Monday, April 03, 2006

 

2 Key Threats to the Family

2 Key Threats to the Family
According to Theologian Father Michael Hull

NEW YORK, APRIL 2, 2006 (Zenit.org).- Here is the text of an address Father
Michael Hull of New York delivered at a theologians videoconference last
Tuesday. The Congregation for Clergy organized the international
videoconference.

* * *

Threats to the Family

By Father Michael Hull

The family is the beginning and the basis of all human society. Thus has it
been from creation: "Then the Lord God said: 'It is not good that the man
should be alone; I will make him a helper fit for him'" (Genesis 2:18).

Aristotle has a sense of this when he describes the family as the
fundamental community between men and women ("Politica" I.2). St. Augustine
speaks of marriage as "the first natural bond of human society" ("De bono
conjugali" 1.1).

Threats to the family are those that imperil this bond, especially when it
is sealed as a sacrament. Perhaps the two gravest threats to the family are
divorce and artificial birth control. The former destroys the family by
tearing it asunder; the latter frustrates natural expansion of the family
and the human community.

Civil divorce has become de rigueur in many developed countries and is on
the rise all over the world. In most countries these days, divorce is a
simple civil matter, easily obtained and no longer socially stigmatized.
The breakup of families is common and carefree, with little concern for Our
Lord's solemn admonitions against divorce (Matthew 5:31-32; 19:3-9; Mark
10:2-12; Luke 16:18; cf. 1 Corinthians 7:10-16).

In the United States of America, for example, surveys place the current
divorce rate at about 40% among the general population and 20% among
Catholics. Interestingly enough, these rates are significantly lower,
approximately 10% to 15%, than they were 10 years ago.
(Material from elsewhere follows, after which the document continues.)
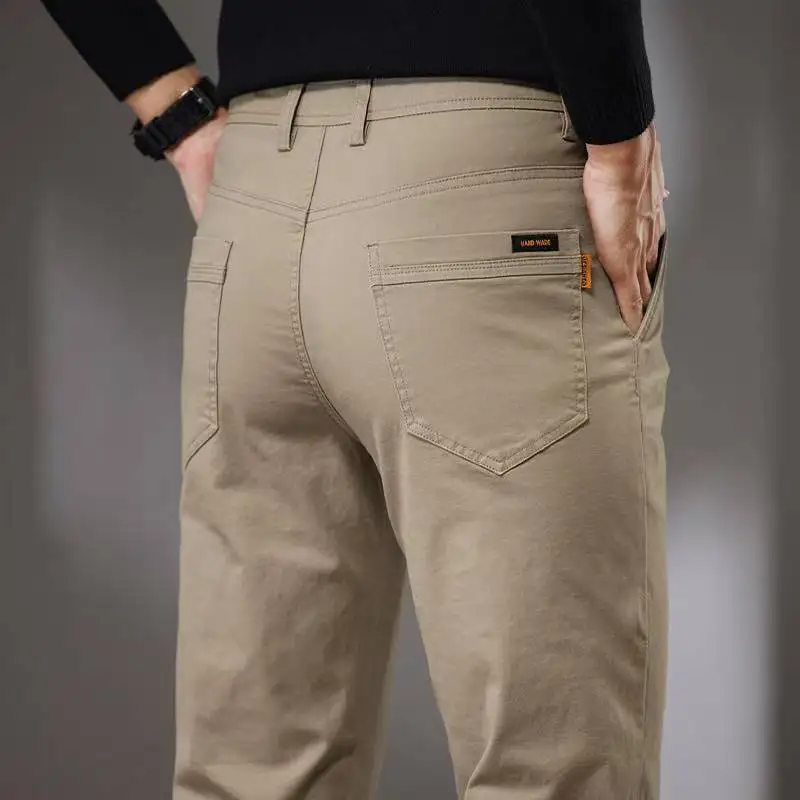 

New Spring Summer Solid Color Casual Pants Men's Business Pants Straight Slim Trousers JJ708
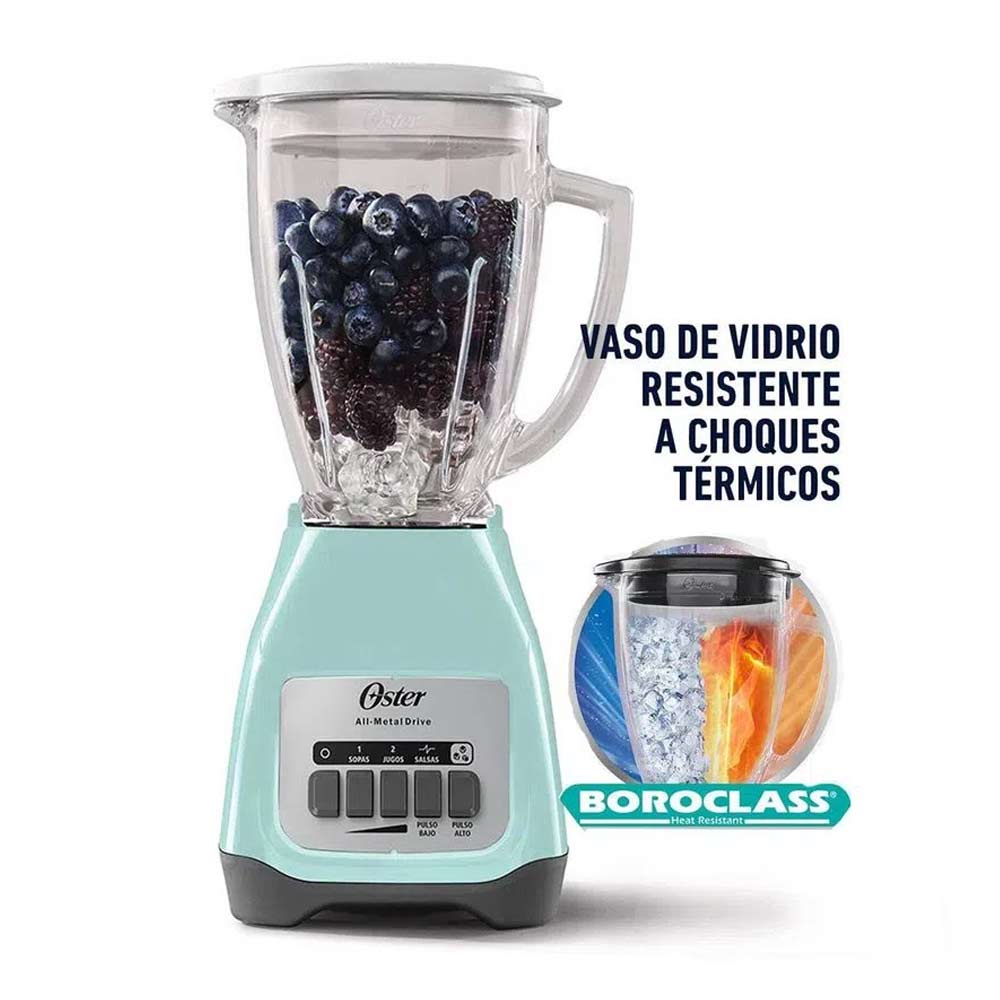 Licuadora Oster All Metal Drive 3 Velocidades Vaso de Vidrio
The reason? Marriage has fallen into such disfavor that many couples elect
to live in sin, either temporarily or permanently. Many young adults engage
in a number of short-term or even long-term relationships before they marry
-- if they ever marry at all.

Many younger and older couples decide specifically against marriage and opt
to live their lives in so-called common-law marriages. Surely the Church
must minister to the divorced -- as is illustrated so well in Pope John
Paul II's "Familiaris Consortio" (see Nos. 83-84) -- but the Church must
continue to speak out vociferously against the breakup of marriages and,
therefore, families.

Like divorce, artificial birth control seems to be the order of the day. On
the one hand, it is utilized by those who are married, frustrating or
limiting God's plan of procreation. On the other hand, it contributes
substantially to the contemporary malaise of sin by eradicating many of the
consequences of immoral sexual intercourse.

Both Pope Pius XI in "Casti Connubii" (Dec. 31, 1930) and Pope Paul VI in
"Humanae Vitae" (July 25, 1968) put a special emphasis on artificial birth
control as a principal threat against the sanctity of marriage and the
family in modern times.

Pius was clear: "Any use whatsoever of matrimony exercised in such a way
that the act is deliberately frustrated in its natural power to generate
life is an offense against the law of God and of nature, and those who
indulge in such are branded with the guilt of a grave sin" (CC, No. 56).
Paul was prescient when he noted that artificial birth control would "open
wide the way for marital infidelity and a general lowering of moral
standards" (HV, No. 17).

There is no doubt that such unfaithfulness is on the rise as moral virtue
declines. Indeed, artificial birth control has opened the way so wide and
facilitated such a lowering of moral principles that Paul's words seem but
modest and understated.

In order to defend the family, the Church must be vigilant in proclaiming
the sanctity, inviolability, and permanence of marriage, as well as the
importance of leaving the marital act open to life. The aforementioned
threats to the family are best met by remembering what the family is,
namely, the cornerstone of society and the domestic Church ("Lumen
Gentium," No. 11; FC, No. 21), without which man is bereft of his natural
and supernatural community.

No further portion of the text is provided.